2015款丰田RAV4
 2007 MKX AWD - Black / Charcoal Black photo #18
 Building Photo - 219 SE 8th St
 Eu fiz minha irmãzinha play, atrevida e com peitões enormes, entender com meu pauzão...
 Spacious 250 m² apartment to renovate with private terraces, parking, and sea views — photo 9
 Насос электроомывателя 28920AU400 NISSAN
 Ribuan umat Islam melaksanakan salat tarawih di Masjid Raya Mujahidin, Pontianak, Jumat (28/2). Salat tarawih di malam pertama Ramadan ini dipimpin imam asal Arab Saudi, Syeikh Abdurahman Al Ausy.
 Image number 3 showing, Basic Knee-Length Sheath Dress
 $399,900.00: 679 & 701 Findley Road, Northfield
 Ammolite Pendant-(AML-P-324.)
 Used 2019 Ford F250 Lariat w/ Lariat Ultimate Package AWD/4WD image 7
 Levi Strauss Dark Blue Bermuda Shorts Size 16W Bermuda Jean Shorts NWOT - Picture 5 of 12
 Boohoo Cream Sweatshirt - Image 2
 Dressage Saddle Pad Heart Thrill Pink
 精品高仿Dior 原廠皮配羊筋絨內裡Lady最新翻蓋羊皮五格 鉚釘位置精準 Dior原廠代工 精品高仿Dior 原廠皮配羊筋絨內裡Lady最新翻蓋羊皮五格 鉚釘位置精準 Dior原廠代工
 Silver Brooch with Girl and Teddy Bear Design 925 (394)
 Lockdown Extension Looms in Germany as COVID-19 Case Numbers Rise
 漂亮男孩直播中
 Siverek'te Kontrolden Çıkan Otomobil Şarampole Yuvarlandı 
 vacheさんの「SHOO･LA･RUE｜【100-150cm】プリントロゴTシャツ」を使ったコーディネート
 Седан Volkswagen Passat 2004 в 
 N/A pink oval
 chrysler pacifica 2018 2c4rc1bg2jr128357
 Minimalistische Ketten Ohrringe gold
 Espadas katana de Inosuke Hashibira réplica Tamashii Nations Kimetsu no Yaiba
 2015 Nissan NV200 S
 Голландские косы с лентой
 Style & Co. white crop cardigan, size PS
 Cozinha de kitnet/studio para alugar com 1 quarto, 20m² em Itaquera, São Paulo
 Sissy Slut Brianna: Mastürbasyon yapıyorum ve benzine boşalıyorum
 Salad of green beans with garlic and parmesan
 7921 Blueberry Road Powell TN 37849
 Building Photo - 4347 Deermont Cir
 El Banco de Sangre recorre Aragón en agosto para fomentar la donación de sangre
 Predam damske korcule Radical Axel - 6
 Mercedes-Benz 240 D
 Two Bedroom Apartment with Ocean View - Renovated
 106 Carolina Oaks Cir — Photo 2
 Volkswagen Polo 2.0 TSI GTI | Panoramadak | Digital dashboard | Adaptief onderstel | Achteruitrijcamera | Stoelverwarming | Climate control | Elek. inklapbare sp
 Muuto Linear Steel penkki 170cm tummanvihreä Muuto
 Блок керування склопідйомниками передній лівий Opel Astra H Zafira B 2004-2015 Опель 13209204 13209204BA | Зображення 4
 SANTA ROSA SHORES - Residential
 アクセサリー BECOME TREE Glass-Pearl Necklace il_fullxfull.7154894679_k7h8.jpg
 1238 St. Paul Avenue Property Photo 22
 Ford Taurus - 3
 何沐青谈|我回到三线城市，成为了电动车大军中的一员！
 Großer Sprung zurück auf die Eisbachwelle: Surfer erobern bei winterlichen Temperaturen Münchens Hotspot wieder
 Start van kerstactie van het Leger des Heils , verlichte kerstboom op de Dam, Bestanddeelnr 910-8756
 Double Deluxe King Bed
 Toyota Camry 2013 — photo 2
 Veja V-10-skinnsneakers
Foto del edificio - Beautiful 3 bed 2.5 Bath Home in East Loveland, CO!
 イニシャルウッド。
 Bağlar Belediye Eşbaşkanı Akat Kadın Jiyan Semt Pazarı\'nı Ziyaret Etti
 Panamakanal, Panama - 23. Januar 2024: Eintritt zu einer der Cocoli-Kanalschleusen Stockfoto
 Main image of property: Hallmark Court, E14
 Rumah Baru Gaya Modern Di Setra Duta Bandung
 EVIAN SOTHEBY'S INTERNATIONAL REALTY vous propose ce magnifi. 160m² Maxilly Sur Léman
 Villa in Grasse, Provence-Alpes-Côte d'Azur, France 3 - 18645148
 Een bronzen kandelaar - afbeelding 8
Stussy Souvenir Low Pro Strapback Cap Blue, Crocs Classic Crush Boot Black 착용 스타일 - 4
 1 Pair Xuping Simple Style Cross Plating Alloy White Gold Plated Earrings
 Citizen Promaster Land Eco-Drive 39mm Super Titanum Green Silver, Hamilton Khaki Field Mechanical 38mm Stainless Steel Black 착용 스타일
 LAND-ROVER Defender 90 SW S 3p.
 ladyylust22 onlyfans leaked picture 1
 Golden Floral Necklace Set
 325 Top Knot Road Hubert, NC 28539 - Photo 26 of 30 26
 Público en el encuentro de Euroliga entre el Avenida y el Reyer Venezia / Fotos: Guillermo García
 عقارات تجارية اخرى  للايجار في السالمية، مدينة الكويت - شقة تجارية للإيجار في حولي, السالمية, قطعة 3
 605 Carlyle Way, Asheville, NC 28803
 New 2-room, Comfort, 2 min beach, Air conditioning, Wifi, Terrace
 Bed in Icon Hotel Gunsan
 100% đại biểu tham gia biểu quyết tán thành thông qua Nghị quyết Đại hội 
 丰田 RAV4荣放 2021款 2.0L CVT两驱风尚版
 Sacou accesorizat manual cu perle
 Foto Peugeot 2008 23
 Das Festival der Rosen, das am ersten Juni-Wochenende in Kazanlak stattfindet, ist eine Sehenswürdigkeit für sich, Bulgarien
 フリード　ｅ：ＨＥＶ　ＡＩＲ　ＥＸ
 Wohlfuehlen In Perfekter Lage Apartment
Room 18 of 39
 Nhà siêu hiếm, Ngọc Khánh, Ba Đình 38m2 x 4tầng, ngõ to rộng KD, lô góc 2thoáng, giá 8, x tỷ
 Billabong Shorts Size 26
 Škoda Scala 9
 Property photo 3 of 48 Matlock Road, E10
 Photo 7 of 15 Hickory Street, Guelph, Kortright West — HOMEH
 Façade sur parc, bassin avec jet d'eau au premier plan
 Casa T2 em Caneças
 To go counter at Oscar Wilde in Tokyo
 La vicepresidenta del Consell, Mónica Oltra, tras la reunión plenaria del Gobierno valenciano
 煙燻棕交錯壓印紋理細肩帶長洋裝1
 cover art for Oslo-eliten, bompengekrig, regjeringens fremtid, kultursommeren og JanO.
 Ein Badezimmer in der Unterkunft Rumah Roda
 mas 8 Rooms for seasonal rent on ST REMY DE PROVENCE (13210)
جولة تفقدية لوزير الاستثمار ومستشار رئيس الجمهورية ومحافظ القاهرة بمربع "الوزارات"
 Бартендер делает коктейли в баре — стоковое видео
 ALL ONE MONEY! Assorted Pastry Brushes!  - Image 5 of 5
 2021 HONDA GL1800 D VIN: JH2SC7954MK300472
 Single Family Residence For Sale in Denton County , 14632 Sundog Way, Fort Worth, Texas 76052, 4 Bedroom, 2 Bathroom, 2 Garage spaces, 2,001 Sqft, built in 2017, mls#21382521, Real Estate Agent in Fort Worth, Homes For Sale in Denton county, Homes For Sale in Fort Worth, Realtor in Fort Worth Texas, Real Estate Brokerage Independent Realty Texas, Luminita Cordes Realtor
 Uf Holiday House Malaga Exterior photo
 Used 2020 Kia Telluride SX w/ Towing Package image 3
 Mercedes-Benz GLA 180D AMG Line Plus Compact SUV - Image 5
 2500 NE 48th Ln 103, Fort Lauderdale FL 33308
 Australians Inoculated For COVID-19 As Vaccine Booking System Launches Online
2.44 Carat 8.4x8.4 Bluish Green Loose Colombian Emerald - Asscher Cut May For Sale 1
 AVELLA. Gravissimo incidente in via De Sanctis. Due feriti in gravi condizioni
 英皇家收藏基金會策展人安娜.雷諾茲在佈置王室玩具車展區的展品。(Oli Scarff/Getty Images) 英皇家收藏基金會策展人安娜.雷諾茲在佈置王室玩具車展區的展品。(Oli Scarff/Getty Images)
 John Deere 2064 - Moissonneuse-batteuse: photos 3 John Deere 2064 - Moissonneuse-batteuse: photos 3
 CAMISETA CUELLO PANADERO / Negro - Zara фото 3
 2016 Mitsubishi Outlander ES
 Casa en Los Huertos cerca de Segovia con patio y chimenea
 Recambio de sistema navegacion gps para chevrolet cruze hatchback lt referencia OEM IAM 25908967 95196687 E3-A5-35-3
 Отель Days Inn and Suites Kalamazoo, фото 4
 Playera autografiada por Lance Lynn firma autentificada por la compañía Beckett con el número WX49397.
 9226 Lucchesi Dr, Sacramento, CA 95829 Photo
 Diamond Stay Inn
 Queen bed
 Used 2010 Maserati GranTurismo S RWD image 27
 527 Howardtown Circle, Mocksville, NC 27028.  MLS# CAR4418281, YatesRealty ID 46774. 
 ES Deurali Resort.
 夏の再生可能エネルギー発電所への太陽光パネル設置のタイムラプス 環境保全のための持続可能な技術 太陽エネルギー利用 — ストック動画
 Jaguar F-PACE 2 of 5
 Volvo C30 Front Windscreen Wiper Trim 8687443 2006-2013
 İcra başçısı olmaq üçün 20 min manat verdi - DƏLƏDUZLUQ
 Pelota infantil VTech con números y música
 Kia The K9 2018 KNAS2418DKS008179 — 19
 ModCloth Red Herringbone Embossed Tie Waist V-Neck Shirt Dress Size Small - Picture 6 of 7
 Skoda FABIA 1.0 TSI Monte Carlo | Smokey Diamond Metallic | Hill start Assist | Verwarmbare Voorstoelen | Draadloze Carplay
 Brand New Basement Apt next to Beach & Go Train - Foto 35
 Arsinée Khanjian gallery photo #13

- - - -

**WORK REQUEST:** From the records above, retype only the lines starting at the line that contains "Das Festival der" and ending at the line that contains "Ein Badezimmer in der Unterkunft Rumah Roda", both included.

**EXERCISE SOLUTION:**
 Das Festival der Rosen, das am ersten Juni-Wochenende in Kazanlak stattfindet, ist eine Sehenswürdigkeit für sich, Bulgarien
 フリード　ｅ：ＨＥＶ　ＡＩＲ　ＥＸ
 Wohlfuehlen In Perfekter Lage Apartment
Room 18 of 39
 Nhà siêu hiếm, Ngọc Khánh, Ba Đình 38m2 x 4tầng, ngõ to rộng KD, lô góc 2thoáng, giá 8, x tỷ
 Billabong Shorts Size 26
 Škoda Scala 9
 Property photo 3 of 48 Matlock Road, E10
 Photo 7 of 15 Hickory Street, Guelph, Kortright West — HOMEH
 Façade sur parc, bassin avec jet d'eau au premier plan
 Casa T2 em Caneças
 To go counter at Oscar Wilde in Tokyo
 La vicepresidenta del Consell, Mónica Oltra, tras la reunión plenaria del Gobierno valenciano
 煙燻棕交錯壓印紋理細肩帶長洋裝1
 cover art for Oslo-eliten, bompengekrig, regjeringens fremtid, kultursommeren og JanO.
 Ein Badezimmer in der Unterkunft Rumah Roda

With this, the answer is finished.